Only one stretch of the data below is needed. Output the lines from the one with "Bộ Vòng Cổ +" up to and including the one with "Poster - Mobile", exactly as they stand.

==== PROVIDED RECORDS ====

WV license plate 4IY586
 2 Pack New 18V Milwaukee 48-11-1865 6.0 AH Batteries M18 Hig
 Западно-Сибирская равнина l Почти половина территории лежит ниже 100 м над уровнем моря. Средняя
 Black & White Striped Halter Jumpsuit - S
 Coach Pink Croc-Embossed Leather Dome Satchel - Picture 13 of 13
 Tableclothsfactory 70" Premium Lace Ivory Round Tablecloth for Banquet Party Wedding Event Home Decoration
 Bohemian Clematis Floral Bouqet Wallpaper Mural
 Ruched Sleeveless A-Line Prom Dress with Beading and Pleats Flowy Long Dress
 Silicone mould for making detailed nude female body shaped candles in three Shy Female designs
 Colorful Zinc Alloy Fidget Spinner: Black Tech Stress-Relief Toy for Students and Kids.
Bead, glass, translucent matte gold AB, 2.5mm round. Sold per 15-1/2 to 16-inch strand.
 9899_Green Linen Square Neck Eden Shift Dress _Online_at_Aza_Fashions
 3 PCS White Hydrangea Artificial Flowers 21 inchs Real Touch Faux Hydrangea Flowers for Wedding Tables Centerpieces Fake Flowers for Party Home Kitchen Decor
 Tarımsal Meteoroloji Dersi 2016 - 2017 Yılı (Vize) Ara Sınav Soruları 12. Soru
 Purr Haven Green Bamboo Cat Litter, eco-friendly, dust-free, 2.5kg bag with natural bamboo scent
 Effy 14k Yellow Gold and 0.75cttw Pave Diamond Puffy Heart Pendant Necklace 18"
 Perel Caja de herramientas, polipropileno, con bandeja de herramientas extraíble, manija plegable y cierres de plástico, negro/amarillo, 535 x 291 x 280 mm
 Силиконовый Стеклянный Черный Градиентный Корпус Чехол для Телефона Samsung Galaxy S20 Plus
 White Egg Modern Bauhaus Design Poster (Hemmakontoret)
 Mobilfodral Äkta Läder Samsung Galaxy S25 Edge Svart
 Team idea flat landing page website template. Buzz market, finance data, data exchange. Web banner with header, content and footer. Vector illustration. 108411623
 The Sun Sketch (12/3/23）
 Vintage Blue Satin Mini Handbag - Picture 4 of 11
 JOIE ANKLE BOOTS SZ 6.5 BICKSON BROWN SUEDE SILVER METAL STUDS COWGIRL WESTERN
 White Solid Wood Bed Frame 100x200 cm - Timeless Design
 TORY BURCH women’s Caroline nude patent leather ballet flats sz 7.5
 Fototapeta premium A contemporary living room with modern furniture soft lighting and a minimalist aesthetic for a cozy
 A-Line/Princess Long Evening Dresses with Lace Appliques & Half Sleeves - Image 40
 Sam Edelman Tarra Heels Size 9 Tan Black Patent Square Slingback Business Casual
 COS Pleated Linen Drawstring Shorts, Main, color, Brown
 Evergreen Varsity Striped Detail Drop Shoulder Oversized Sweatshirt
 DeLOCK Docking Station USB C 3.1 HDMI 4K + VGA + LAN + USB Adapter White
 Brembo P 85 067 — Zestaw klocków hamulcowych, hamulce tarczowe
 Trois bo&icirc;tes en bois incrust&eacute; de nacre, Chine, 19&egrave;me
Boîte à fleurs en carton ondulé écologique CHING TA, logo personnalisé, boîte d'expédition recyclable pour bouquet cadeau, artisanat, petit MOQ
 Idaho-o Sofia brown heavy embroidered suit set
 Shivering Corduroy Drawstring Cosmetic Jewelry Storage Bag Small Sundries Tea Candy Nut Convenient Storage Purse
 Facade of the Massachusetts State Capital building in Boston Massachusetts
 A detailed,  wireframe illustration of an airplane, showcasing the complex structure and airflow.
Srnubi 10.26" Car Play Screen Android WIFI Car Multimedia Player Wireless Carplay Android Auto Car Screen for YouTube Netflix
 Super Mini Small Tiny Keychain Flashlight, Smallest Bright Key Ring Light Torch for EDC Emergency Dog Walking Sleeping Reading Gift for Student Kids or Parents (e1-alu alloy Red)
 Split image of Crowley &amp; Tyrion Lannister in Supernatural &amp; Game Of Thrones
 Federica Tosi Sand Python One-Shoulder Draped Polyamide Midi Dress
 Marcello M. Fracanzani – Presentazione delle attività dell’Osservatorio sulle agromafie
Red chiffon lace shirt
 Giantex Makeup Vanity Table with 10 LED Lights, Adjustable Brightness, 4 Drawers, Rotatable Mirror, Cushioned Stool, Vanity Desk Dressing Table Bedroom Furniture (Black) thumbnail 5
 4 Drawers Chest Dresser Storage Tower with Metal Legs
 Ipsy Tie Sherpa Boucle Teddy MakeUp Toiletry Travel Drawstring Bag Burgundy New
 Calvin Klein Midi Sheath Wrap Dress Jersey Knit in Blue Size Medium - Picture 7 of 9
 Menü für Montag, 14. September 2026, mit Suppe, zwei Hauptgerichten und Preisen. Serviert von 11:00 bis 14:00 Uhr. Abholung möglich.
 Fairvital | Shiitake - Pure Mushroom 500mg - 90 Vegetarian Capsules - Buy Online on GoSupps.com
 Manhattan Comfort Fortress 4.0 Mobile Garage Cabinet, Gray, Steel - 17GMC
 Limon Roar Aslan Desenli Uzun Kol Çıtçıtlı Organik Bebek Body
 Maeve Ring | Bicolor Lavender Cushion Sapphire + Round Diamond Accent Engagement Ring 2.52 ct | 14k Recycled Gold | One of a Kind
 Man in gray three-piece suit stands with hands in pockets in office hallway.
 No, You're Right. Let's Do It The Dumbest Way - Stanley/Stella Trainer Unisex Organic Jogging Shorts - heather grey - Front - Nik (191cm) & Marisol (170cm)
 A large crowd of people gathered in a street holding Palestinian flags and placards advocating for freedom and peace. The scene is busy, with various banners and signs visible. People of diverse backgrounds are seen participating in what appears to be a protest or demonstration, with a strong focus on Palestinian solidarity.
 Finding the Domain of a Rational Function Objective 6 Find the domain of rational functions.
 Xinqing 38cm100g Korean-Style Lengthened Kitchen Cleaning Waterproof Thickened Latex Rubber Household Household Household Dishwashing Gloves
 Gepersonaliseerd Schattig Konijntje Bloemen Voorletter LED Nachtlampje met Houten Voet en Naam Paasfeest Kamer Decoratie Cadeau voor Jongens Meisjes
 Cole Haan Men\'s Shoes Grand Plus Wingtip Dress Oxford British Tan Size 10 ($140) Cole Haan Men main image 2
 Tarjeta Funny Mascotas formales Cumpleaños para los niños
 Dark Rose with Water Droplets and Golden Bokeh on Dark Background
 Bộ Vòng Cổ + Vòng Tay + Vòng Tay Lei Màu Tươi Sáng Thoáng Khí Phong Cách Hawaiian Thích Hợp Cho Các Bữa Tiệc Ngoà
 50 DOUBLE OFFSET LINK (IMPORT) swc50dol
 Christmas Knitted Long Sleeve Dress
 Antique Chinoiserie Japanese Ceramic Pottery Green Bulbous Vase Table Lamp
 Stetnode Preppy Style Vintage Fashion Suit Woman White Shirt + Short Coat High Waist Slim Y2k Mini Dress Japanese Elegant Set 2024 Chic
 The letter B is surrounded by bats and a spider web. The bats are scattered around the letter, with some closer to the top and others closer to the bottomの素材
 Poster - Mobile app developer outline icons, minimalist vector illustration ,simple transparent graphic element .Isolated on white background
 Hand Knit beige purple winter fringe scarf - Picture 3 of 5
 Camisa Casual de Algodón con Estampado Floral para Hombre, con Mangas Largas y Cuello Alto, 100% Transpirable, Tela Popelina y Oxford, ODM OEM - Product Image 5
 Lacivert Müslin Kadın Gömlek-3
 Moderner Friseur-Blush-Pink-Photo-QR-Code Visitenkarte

====

▶ [ANSWER BELOW]:
 Bộ Vòng Cổ + Vòng Tay + Vòng Tay Lei Màu Tươi Sáng Thoáng Khí Phong Cách Hawaiian Thích Hợp Cho Các Bữa Tiệc Ngoà
 50 DOUBLE OFFSET LINK (IMPORT) swc50dol
 Christmas Knitted Long Sleeve Dress
 Antique Chinoiserie Japanese Ceramic Pottery Green Bulbous Vase Table Lamp
 Stetnode Preppy Style Vintage Fashion Suit Woman White Shirt + Short Coat High Waist Slim Y2k Mini Dress Japanese Elegant Set 2024 Chic
 The letter B is surrounded by bats and a spider web. The bats are scattered around the letter, with some closer to the top and others closer to the bottomの素材
 Poster - Mobile app developer outline icons, minimalist vector illustration ,simple transparent graphic element .Isolated on white background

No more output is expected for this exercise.